Opinioni & Commenti

Chiesa e Sud del Paese: possiamo crescere, ma tutti insieme

di Giuseppe Savagnone

Il documento della Cei Per un Paese solidale. Chiesa italiana e Mezzogiorno, pubblicato in questi giorni, è una conferma che quella della Chiesa cattolica è rimasta una delle poche voci, in Italia, che ancora ponga con forza in primo piano il problema del bene comune nazionale. Emblematico il motto qui ribadito e che già ispirava un analogo testo  del 1989, di cui questo vuol essere una ripresa e un’attualizzazione: «Il Paese non crescerà se non insieme».

Era da tanto tempo che della cosiddetta «questione meridionale» non si parlava più. O, se se ne parlava, lo si faceva esclusivamente in riferimento alla ben più dibattuta e sentita «questione settentrionale», invocando la liberazione delle regioni del Nord dalla «palla al piede» che il Sud rappresenterebbe per il loro sviluppo.

I vescovi italiani su questo punto prendono posizione con estrema chiarezza, denunziando senza mezzi termini una deriva culturale che «ha fatto crescere l’egoismo, individuale e corporativo, un po’ in tutta l’Italia, con il rischio di tagliare fuori il Mezzogiorno dai canali della ridistribuzione delle risorse, trasformandolo in un collettore di voti per disegni politico-economici estranei al suo sviluppo» (n.5).

Nel documento non ci si nasconde, peraltro, la gravità e la complessità delle questioni in gioco: «Il problema dello sviluppo del Mezzogiorno non ha solo un carattere economico, ma rimanda inevitabilmente a una dimensione più profonda, che è di carattere etico, culturale e antropologico: ogni riduzione economicistica – specie se intesa unicamente come “politica delle opere pubbliche” – si è rivelata e si rivelerà sbagliata e perdente, se non perfino dannosa». E si menzionano, più specificamente, alcuni punti particolarmente delicati di questo quadro: «Cultura del bene comune, della cittadinanza, del diritto, della buona amministrazione e della sana impresa nel rifiuto dell’illegalità» (n.16).

Ma per sciogliere simili nodi bisogna fare i conti con le tendenze culturali oggi dominanti in tutto il Paese, tendenze che, invece di fungere da antidoto alle antiche ferite del Meridione, ne esasperano la virulenza.
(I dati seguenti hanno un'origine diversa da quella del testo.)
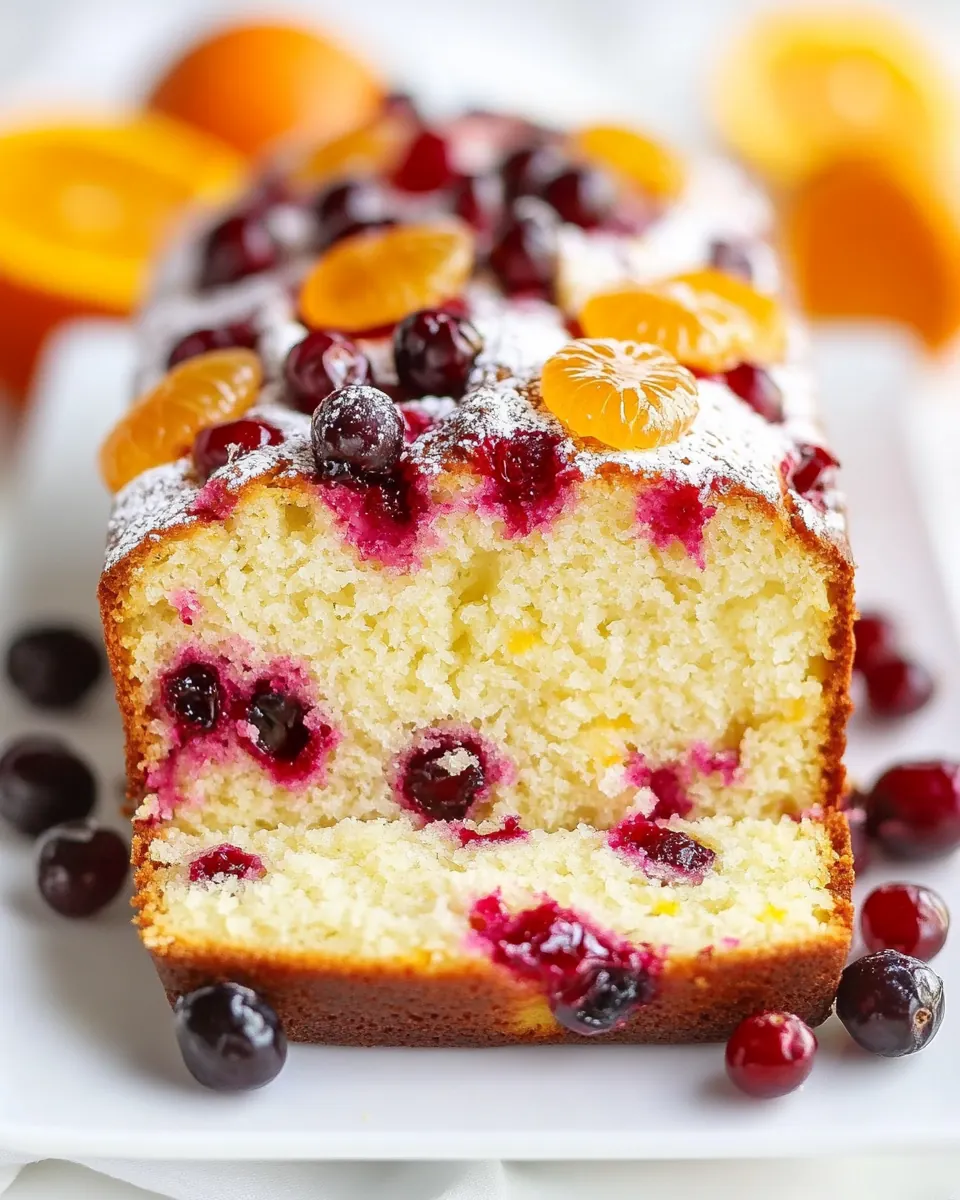 Cranberry Orange Loaf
Al Sud, osserva il documento, da sempre «erano largamente presenti, accanto a valori di umanità e di religiosità autentici, forme di particolarismo familistico, di fatalismo e di violenza che rendevano problematica la crescita sociale e civile. Su questo terreno arcaico ha fatto irruzione la modernità avanzata che, paradossalmente, ha potenziato quegli antichi germi innestandovi la nuova mentalità, segnata dall’individualismo e dal nichilismo» (n.6).

In questo senso, la questione meridionale riguarda tutto il Paese. Perciò non c’è posto, ormai, né per un assistenzialismo controproducente né per miope egoismo regionalistico. «Proprio per non perpetuare un approccio assistenzialistico alle difficoltà del Meridione, occorre promuovere la necessaria solidarietà nazionale» (n.8).

Da questo punto di vista, osservano i vescovi, «costituirebbe una sconfitta per tutti, se il federalismo accentuasse la distanza tra le diverse parti d’Italia». In alternativa a certe logiche oggi diffuse, occorre puntare su un «federalismo solidale» (ivi), fondato sull’impegno di tutto il Paese, che stimoli le classi dirigenti del Sud, primi fra tutti gli amministratori e i politici, ad assumersi le proprie responsabilità.

Anche la comunità cristiana sa di dover fare sempre più coerentemente la propria parte. A proposito, per esempio, della posizione verso la criminalità organizzata, «si deve riconoscere», nota il documento, «che le Chiese debbono ancora recepire sino in fondo la lezione profetica di Giovanni Paolo II e l’esempio dei testimoni morti per la giustizia» (n.9). Ma, soprattutto, esse sono chiamate a dare il loro essenziale contributo, con la loro pastorale ordinaria, prima ancora che con singole denunzie, ad «un grande progetto educativo» (n.16) che affronti alla radice, partendo dalla formazione delle persone, il problema culturale di cui si parlava sopra. È una sfida su cui si gioca la credibilità della logica dell’incarnazione. Il Vangelo non può restare confinato tra le mura e i riti dei templi, come troppo spesso è accaduto, lasciando che fuori di essi la società civile sia dominata da derive perverse. Per il riscatto del Sud occorre una profonda trasformazione della pastorale, e questo documento ne può costituire il punto di partenza.